Italian officials arrested in garbage malpractice, scientific community urges waste control

Source:Xinhua Published: 2014-1-10 10:09:53

The country of history and art, Italy, has also become sadly known in the world for a series of waste disposal scandals that registered the latest episode on Thursday.

Local media reported that seven regional officials and local businessmen have been put under house arrest by police on charges of "criminal conspiracy in waste trafficking" around Rome.

The former president of Lazio region of which Rome is the capital city, Bruno Landi, as well as the owner of the Malagrotta landfill near Rome, Manlio Cerroni, were among those detained.

Police said that tonnes of waste destined to separate collection of rubbish ended up in the Malagrotta landfill, despite the owners of the separate waste plant were doing business.

Around 18 million euros (24.4 million US dollars) in assets were seized as part of the probe.

Serious problems in the handling of waste in various parts of Italy led the European Union (EU) to announce last year that it was taking the country before the European Court of Justice for failing to implement the correct rubbish treatment procedures.

Also on Thursday, ANSA news agency showed the pictures of what it defined as a "kind of open-air garbage dump" found inside a park close to the iconic Colosseum in the heart of Rome.

In recent years, rubbish has started piling up in the streets of Rome and especially Naples, another renowned art city in southern Italy, due to lack of landfill areas as well as criminal infiltration.

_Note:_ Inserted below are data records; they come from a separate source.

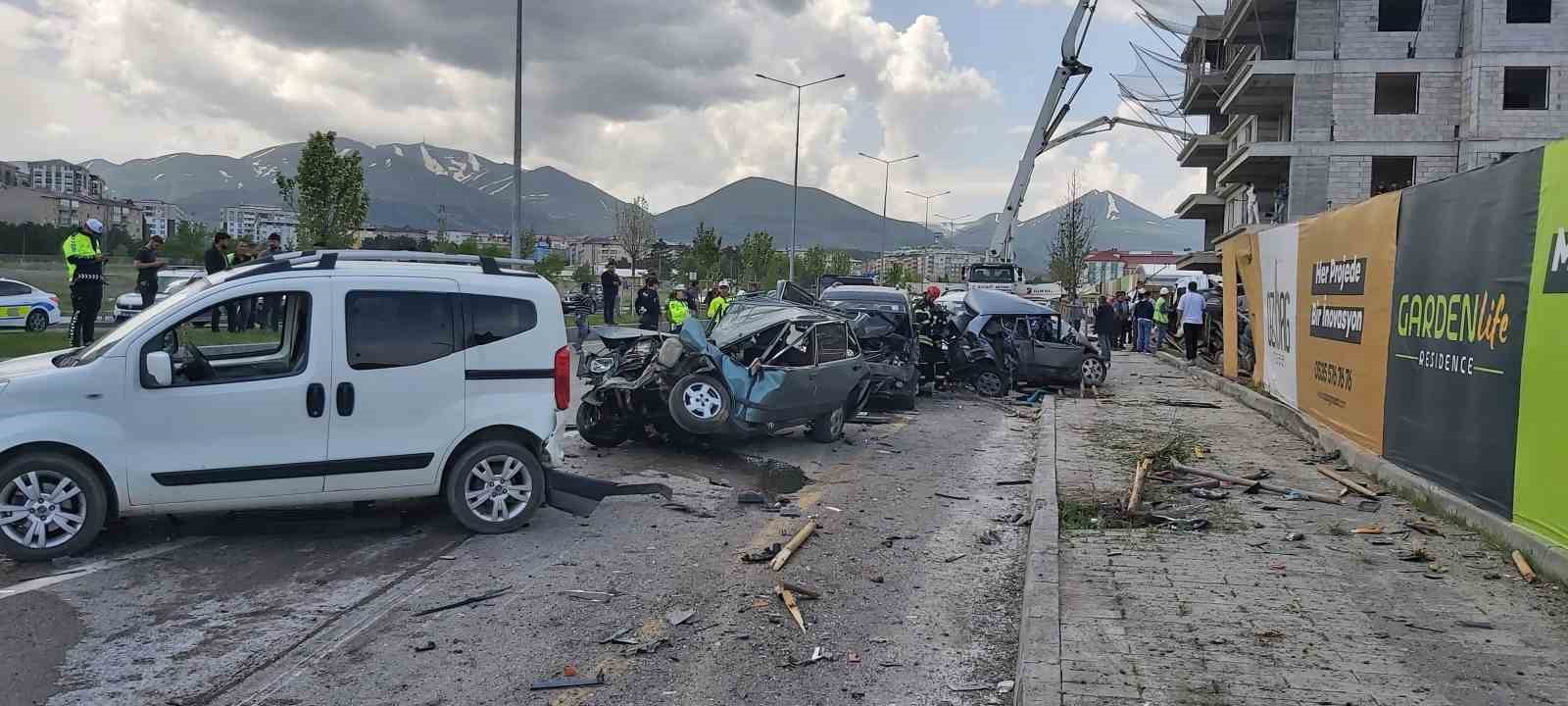 Kontrolden çıkan beton mikseri park halindeki 8 aracı biçti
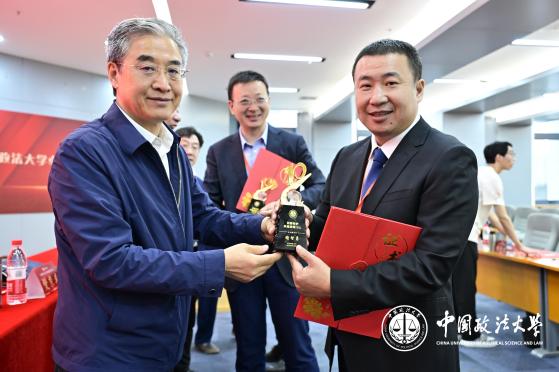 专业动态丨谢智勇受邀参加中国政法大学卓越律师10人（刑事辩护）活动并获奖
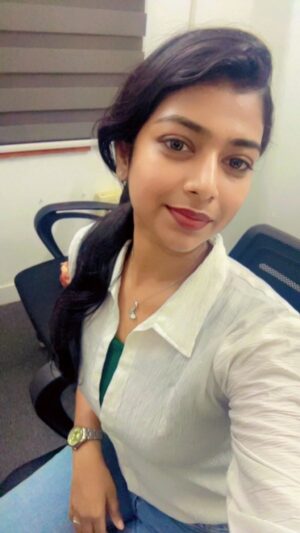 swetha kumar Instagram - Tag That Guy💛♥️ - Yenna maari yaaru na irukingala virat Kohli fans🔥😂 #dofollow @swethakumar_off 

#ipl2025 #csk #rcb #dhoni #viratkohli #trending #rivalry #tamil #ownvoice #ownconcept #tvk #tvkflag #thalapathyvijay #remixonreels #swethakumar_off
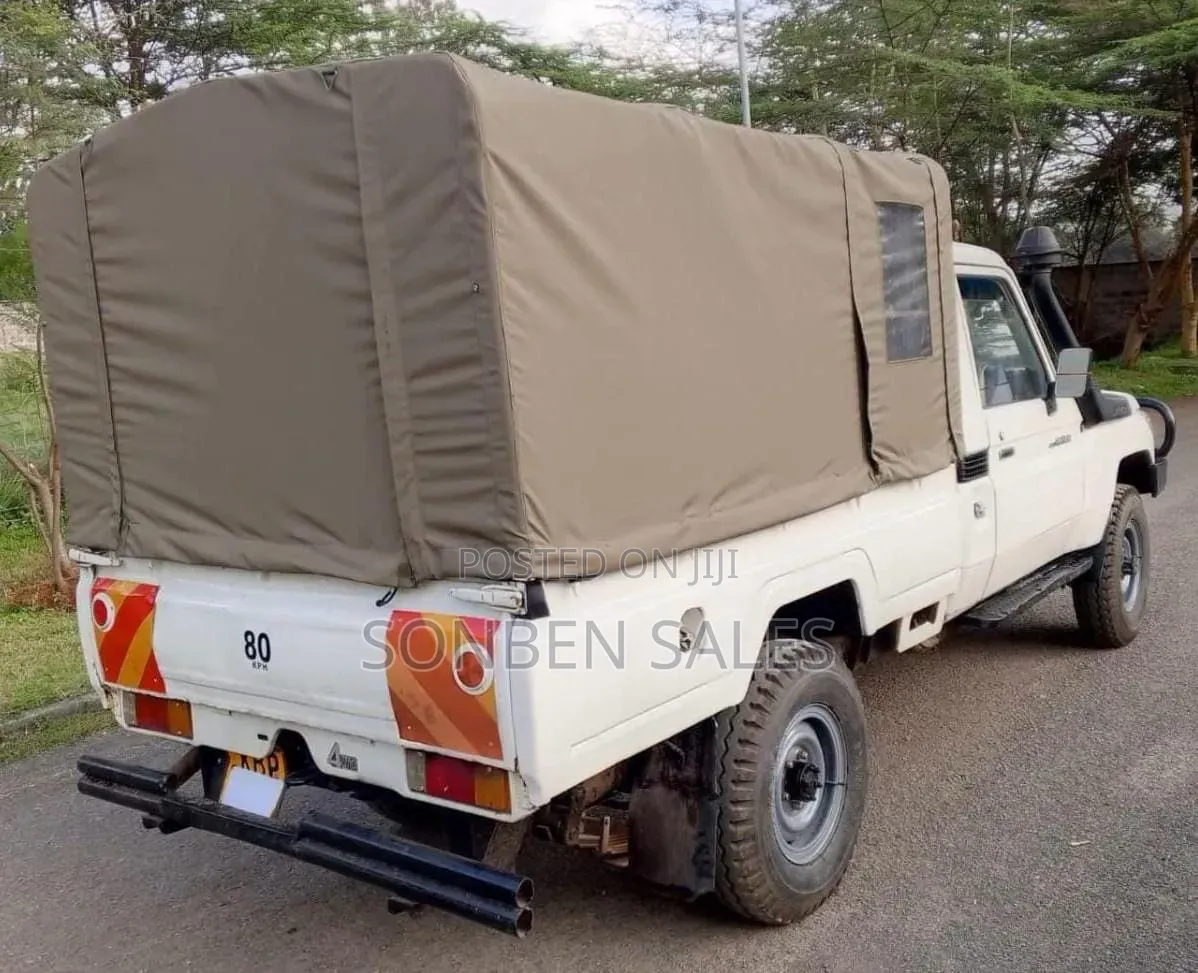 Toyota Land Cruiser 2011 White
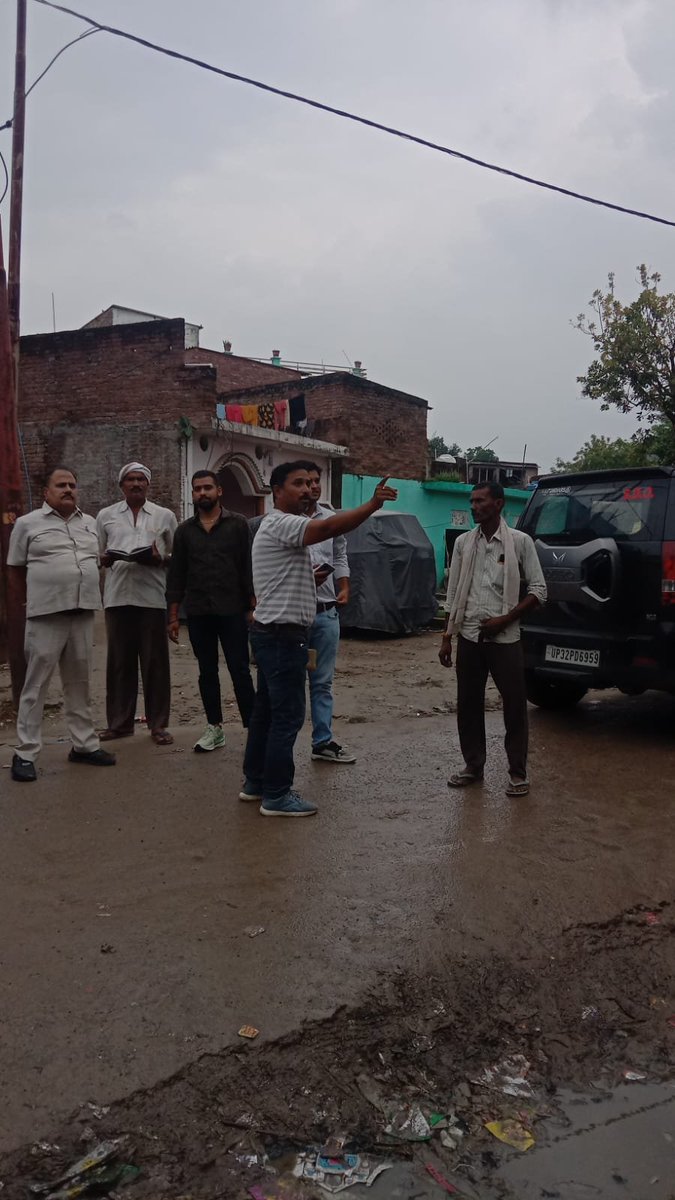 mvvnlbahraich's tweet photo. बहराइच के खंड कैसरगंज के उपखंड जरवल में चल रहे राजस्व कैंप का औचक निरीक्षण उपखंड अधिकारी जरवल द्वारा किया गया। इस दौरान राजस्व टीम को आवश्यक निर्देश दिए गए, जिससे राजस्व वसूली में तेजी लाई जा सके।  @AKSharmaOffice @ChairmanUppcl @mduppcl @MVVNLmd @UPPCLLKO @MVVNLHQ @CeDevipatan https://t.co/UqqoFLPNu3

Illegal dumping sites have plagued in particular the southern Campania region, of which Naples is the capital city, where serious health warnings were issued but earlier attempts to tackle the problem were reportedly hampered by the local mafia that infiltrated waste management.

For many years, the mafia clans have allegedly dumped toxic industrial waste, often setting fires to dispose of it, in the "Land of Fires", a nickname given to an extended area between Naples and the nearby city of Caserta acutely tainted by toxic refuse.

Experts have blamed this malpractice for elevated cancer incidence in the region as well as to contaminate produce grown there.

Only last month, the coalition government of Prime Minister Enrico Letta passed a decree against waste burning in response to increasing illegal garbage management. Burning rubbish without authorization became a crime, while tougher controls were also introduced on agricultural land.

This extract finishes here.